Quantitative polymerase chain reaction (qPCR) measures the concentration (abundance) of specific microorganisms or functional genes that are capable of degrading a particular contaminant. High concentrations of contaminant degrading microorganisms (e.g., Dehalococcoides) or specific functional genes (e.g., vinyl chloride reductase) is a direct indicator of in situ biodegradation potential. Conversely, low concentrations of contaminant degrading microorganisms suggest that amendments may be needed to promote biodegradation. Therefore, results from qPCR analysis can be an important line of evidence when evaluating monitored natural attenuation (MNA) and bioremediation strategies.

  • qPCR: A DNA-based technique used to detect and quantify specific microorganisms or functional genes that can biodegrade contaminants of concern.
  • Reverse transcriptase quantitative polymerase chain reaction (RT-qPCR): A similar technique that quantifies biodegradation activity. When a microorganism is biodegrading a target contaminant, genes for the enzymes needed for biodegradation are being expressed – DNA is being transcribed into the corresponding mRNA sequence. By measuring RNA, RT-qPCR quantifies the expression of the target functional genes. Results therefore indicate biodegradation activity.
  • QuantArray: A qPCR or RT-qPCR tool that can simultaneously quantify a broad suite of target genes or their transcription (indicating biological activity) in a single analysis to provide a more comprehensive evaluation of contaminant biodegradation[1].

Advantages

Table 1. Potential qPCR assays for common and emerging contaminants.

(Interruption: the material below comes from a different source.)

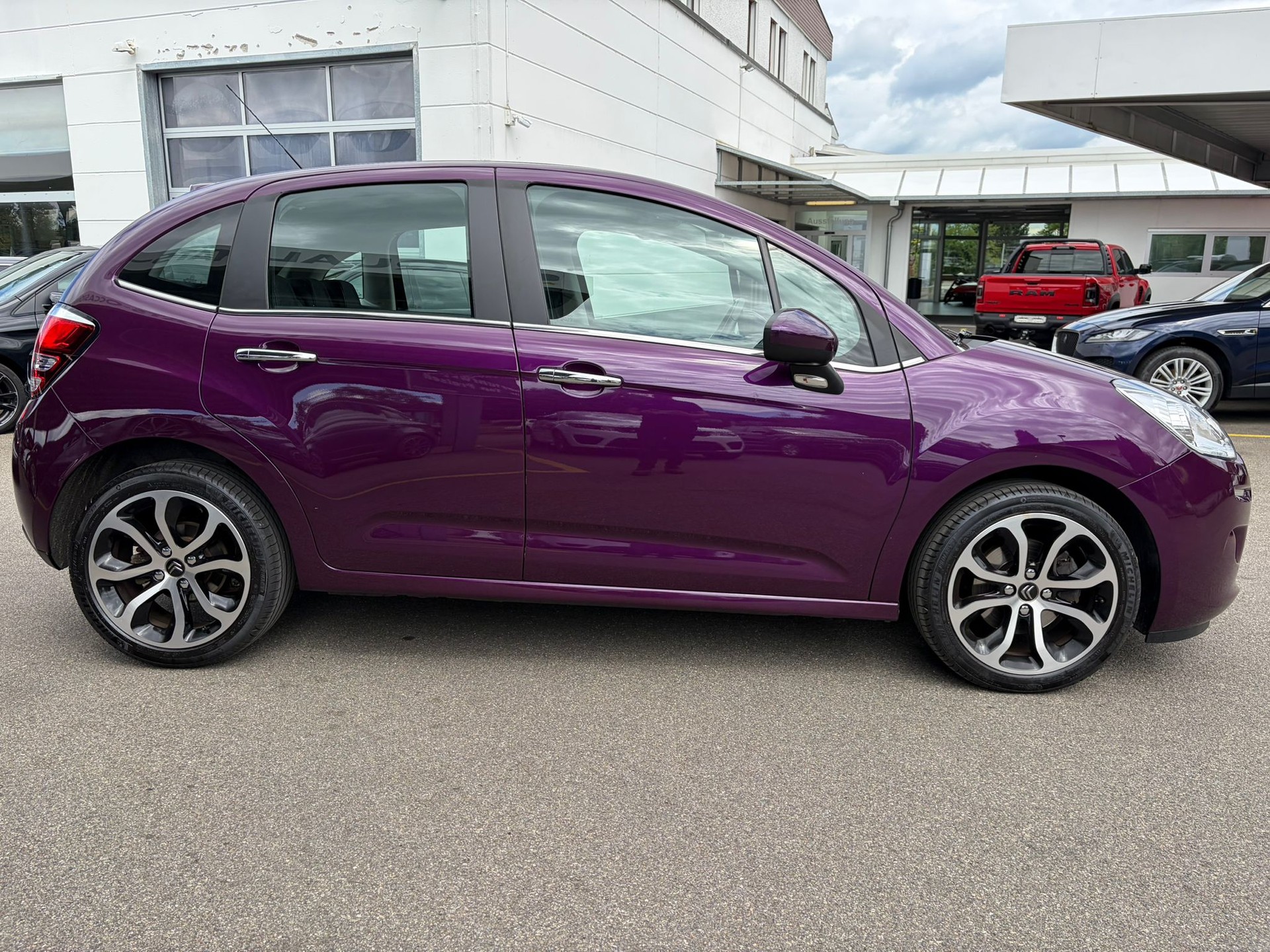CITROEN C3 1.2i PureTech Sélection-image-4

qPCR is a technique to quantify microorganisms of interest without having to grow/cultivate them in the laboratory using traditional approaches like plate counts. Less than 1% of bacteria have been cultivated in a laboratory[3]; plate count results are therefore biased and may not be suitable to enumerate organisms. Other advantages of qPCR are as follows:

  • Accurate: qPCR provides an accurate quantification of contaminant-degrading microorganisms and relevant functional genes based on the analysis of DNA extracted directly from a soil or groundwater sample. While not an Environmental Protection Agency (EPA) method, standard protocols have been developed for sample collection, preservation, and processing to ensure accurate quantification[2][4][5].
  • Sensitive: The detection limit is typically 100 cells or gene copies per sample. This is orders of magnitude lower than concentrations of contaminant degraders generally needed for effective bioremediation. For example, a threshold of 104 Dehalococcoides cells/mL (107 cells per 1 L sample) is recommended for generally effective rates of reductive dechlorination at chlorinated ethene sites[2].
  • Broadly applicable: qPCR can be used for a variety of common soil and groundwater contaminants, including chlorinated solvents, petroleum hydrocarbons, perchlorate, 1,4-dioxane, and more (Table 1). This tabulation reflects the results of over 15 years of research to identify the groups of microorganisms and functional genes responsible for contaminant biodegradation.
  • Activity indicator: RT-qPCR quantifies gene expression and is therefore used to evaluate activity.

Limitations

  • Unknown microorganisms and biodegradation pathways: qPCR assays can only be developed if the contaminant biodegradation pathway or target microorganism is known (Table 1). As research progresses, our understanding of contaminant biodegradation will improve and qPCR assays can likewise be expanded to apply to new contaminants, microorganisms, pathways, and gene sequences.
  • PCR inhibition: Although uncommon, high concentrations of humic acids and some heavy metals can inhibit qPCR. In practice, PCR inhibition would be identified by reviewing quality control parameters and can often be overcome through standard operating procedures such as performing dilutions[3].

When to Use qPCR

Simply put, high concentrations of contaminant degrading microorganisms and functional genes suggests that biodegradation is more likely whereas low concentrations of contaminant degraders suggest biodegradation is limited under the existing conditions. Therefore, submitting samples for qPCR analysis should be strongly considered during remedy selection and performance monitoring to aid in answering the following types of questions:

  • Site Assessment/Remedy Selection:
MNA: Is MNA feasible? Are contaminant degrading microorganisms present at high concentrations under existing site conditions?
Biostimulation: Should an amendment such as an electron donor or acceptor be added to stimulate growth of contaminant degrading microorganisms?
Bioaugmentation: Should a commercial biological culture be added to ensure that contaminant-degrading microorganisms are present at high concentrations?
  • Performance Monitoring:
MNA: Are contaminant-degrading populations maintained over time?
Biostimulation: Was amendment addition effective? Did it promote growth of contaminant-degrading microorganisms? Are contaminant degrader populations maintained over time? Is another amendment addition warranted?
Bioaugmentation: Did the bioaugmentation culture survive in situ? Are contaminant degrader populations maintained over time?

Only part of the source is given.